The example and Exercise above provide an important lesson: if we reduce how often we make one type of error, we generally make more of the other type.

Subsection 5.3.7 Choosing a significance level

If \(H_0\) is true, what is the probability that we will incorrectly reject it? In hypothesis testing, we perform calculations under the premise that \(H_0\) is true, and we reject \(H_0\) if the p-value is smaller than the significance level \(\alpha\text{.}\) That is, \(\alpha\) is the probability of making a Type 1 Error. The choice of what to make \(\alpha\) is not arbitrary. It depends on the gravity of the consequences of a Type 1 Error.

Relationship between Type 1 and Type 2 Errors

The probability of a Type 1 Error is called \(\alpha\) and corresponds to the significance level of a test. The probability of a Type 2 Error is called \(\beta\text{.}\) As we make \(\alpha\) smaller, \(\beta\) typically gets larger, and vice versa.

If making a Type 1 Error is especially dangerous or especially costly, should we choose a smaller significance level or a higher significance level?


Under this scenario, we want to be very cautious about rejecting the null hypothesis, so we demand very strong evidence before we are willing to reject the null hypothesis. Therefore, we want a smaller significance level, maybe \(\alpha = 0.01\text{.}\)

If making a Type 2 Error is especially dangerous or especially costly, should we choose a smaller significance level or a higher significance level?


We should choose a higher significance level (e.g. 0.10). Here we want to be cautious about failing to reject \(H_0\) when the null is actually false.

TIP: Significance levels should reflect consequences of errors

The significance level selected for a test should reflect the real-world consequences associated with making a Type 1 or Type 2 Error. If a Type 1 Error is very dangerous, make \(\alpha\) smaller.
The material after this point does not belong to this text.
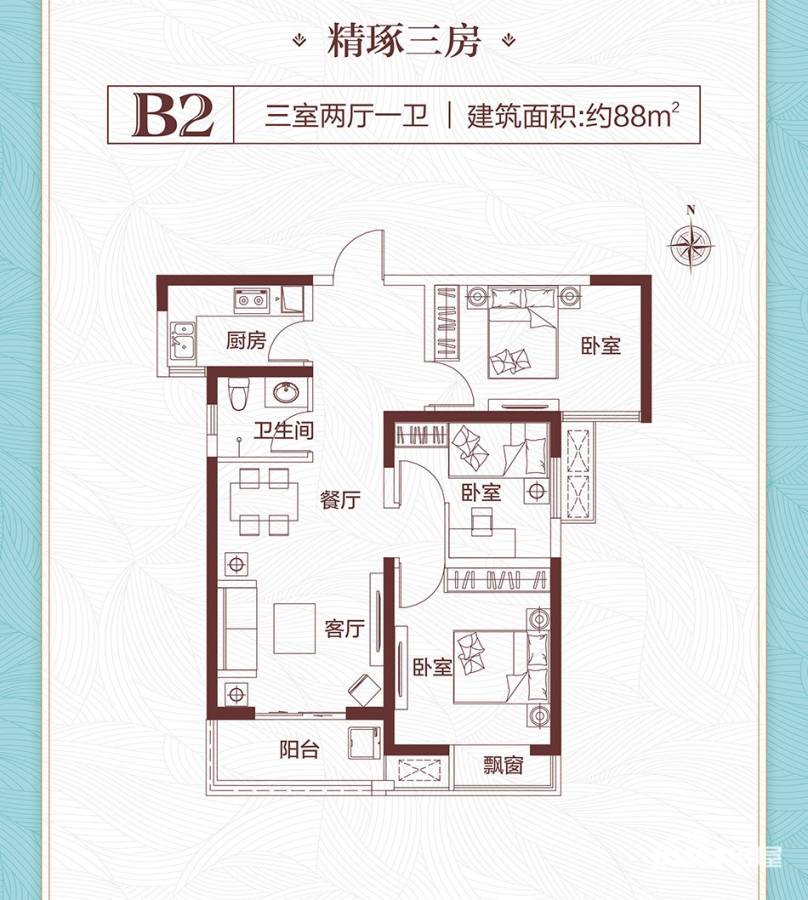 b2户型三室两厅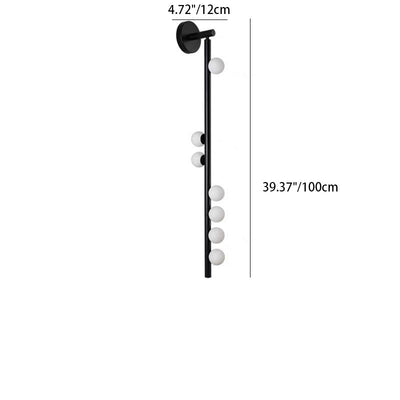 Lámpara de Aplique de Pared de Bola de Vidrio de Hierro de Simplicidad Moderna 3/5/7 Luces Para Sala de Estar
Subsection 5.3.8 Statistical power of a hypothesis test

When the alternative hypothesis is true, the probability of not making a Type 2 Error is called power. It is common for researchers to perform a power analysis to ensure their study collects enough data to detect the effects they anticipate finding. As you might imagine, if the effect they care about is small or subtle, then if the effect is real, the researchers will need to collect a large sample size in order to have a good chance of detecting the effect. However, if they are interested in large effect, they need not collect as much data.

The Type 2 Error rate \(\beta\) and the magnitude of the error for a point estimate are controlled by the sample size. As the sample size \(n\) goes up, the Type 2 Error rate goes down, and power goes up. Real differences from the null value, even large ones, may be difficult to detect with small samples. However, if we take a very large sample, we might find a statistically significant difference but the magnitude might be so small that it is of no practical value.